Cambiano gli obiettivi – Sempre nello stesso periodo, la società milanese assiste inerme a un passaggio cruciale nei progetti di Vallanzasca e compagni: dall’esecuzione delle sole rapine a quello dei sequestri di persona. In tutto saranno quattro, di cui due mai denunciati. Destò scalpore il rapimento di Emanuela Trapani, figlia di un imprenditore milanese, liberata dietro il pagamento di un miliardo di lire. A questo episodio, il 6 febbraio 1977, seguirà l’omicidio di due uomini della polizia stradale.

Il matrimonio in carcere –  Dopo aver cercato rifugio a Roma, verrà rintracciato e catturato. Tornato in carcere, deciderà di sposarsi nel 1979 con Giuliana Brusa, una delle tante ammiratrici che gli scrivevano, ammaliate dalla sua bellezza. Albert Bergamelli, membro del clan dei Marsigliesi, verrà scelto come suo testimone di nozze. Francis Turatello, lo storico arcinemico, consegnerà invece gli anelli. Un momento felice, che non gli impedirà però di evadere per l’ennesima volta. Nell’aprile del 1980, tenterà la fuga dal carcere di San Vittore. Lo farà in modo rocambolesco, prendendo in ostaggio un brigadiere e scappando nei tunnel della metropolitana di Milano. Lì, nei sotterranei milanesi, sarà nuovamente catturato.

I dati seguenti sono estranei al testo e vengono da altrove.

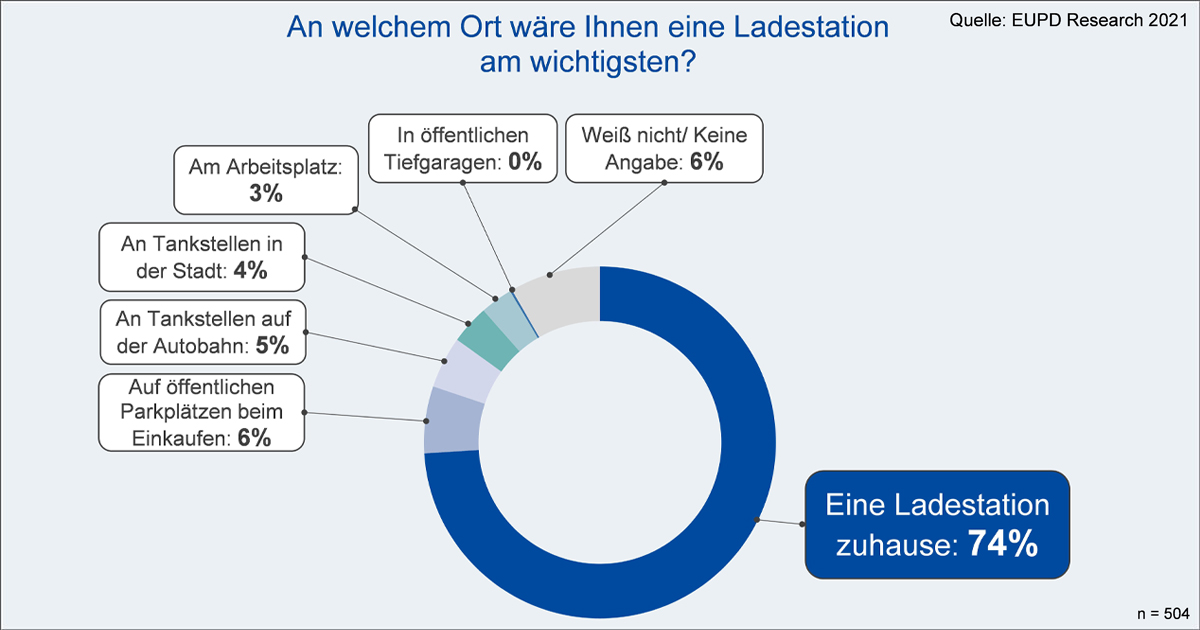 Speicher ermöglichen 80 Prozent Solarstromanteil im privaten E-Auto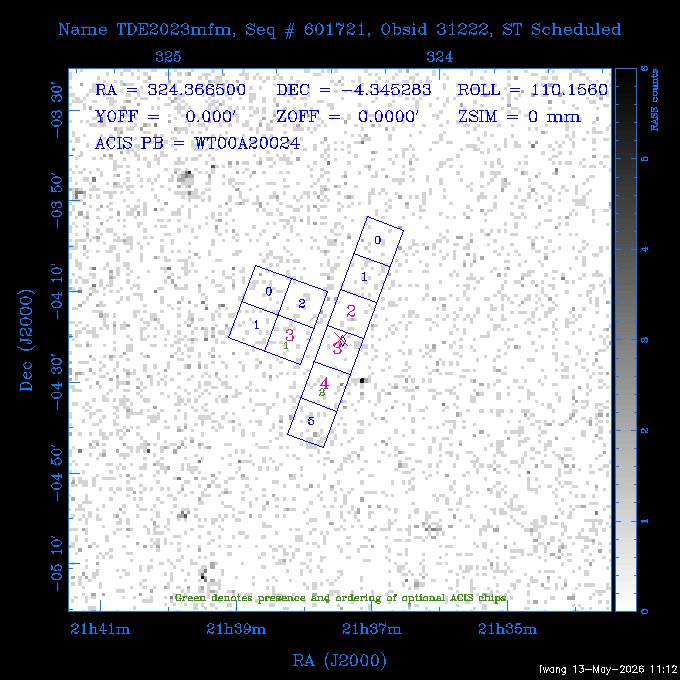 The instrument field-of-view on top of the RASS image of the source.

Il detenuto decapitato e le ultime fughe – Passa un anno e nel 1981, nella prigione di Novara, Vallanzasca terrà ancora una volta fede alla sua fama, uccidendo un ex membro della sua banda, Massimo Loi, accusato di essere una spia. Ma la morte del compagno non sazia la sua sete di vendetta: infierisce sul cadavere fino a staccargli la testa. Il Re della Banda negherà sempre la propria responsabilità in questo macabro episodio. Nel 1983 fu accusato da alcuni pentiti di far parte della Nuova camorra organizzata. Accusa smentita dall’assoluzione nel processo in cui era coinvolto anche Enzo Tortora. Evaderà nuovamente il 18 luglio 1987,attraverso un oblò del traghetto che da Genova avrebbe dovuto portarlo al carcere di Nuoro in Sardegna. Ricercato e senza fonti di reddito, l’8 agosto 1987 verrà fermato a un posto di blocco a Grado, dopo aver soggiornato alcuni giorni nella rinomata località turistica. Tenterà l’ultima fuga, nel 1995, questa volta dal carcere di Nuoro.

Il commento di Prezzolini – Renato Vallanzasca non è stato solo un criminale. Le sue azioni, ardite e spericolate, hanno assunto nel tempo un valore particolare, iscrivendosi in un romanzo popolare e avvincente. Come ha teorizzato il giornalista e scrittore Giuseppe Prezzolini, i briganti hannno sempre avuto un posto particolare nel nostro immaginario collettivo: «Gli Italiani hanno idealizzato il brigante. Per loro il brigante è il prodotto dell’ingiustizia, Non esiste quasi epoca della storia italiana né regione italiana che non abbia avuto i propri fuorilegge, sempre benvoluti. Questi banditi erano, in generale, tipi rozzi, ignoranti, in alcuni casi sciocchi e pazzi, spesso crudeli e non di rado codardi. Ma le masse italiane dei poveri e dei diseredati, in specie dei contadini, li hanno idolatrati e hanno amato teneramente il brigante perché ha il coraggio di tagliare i ponti con le ipocrisie sociali e non accetta la legge del ricco e del potente […]».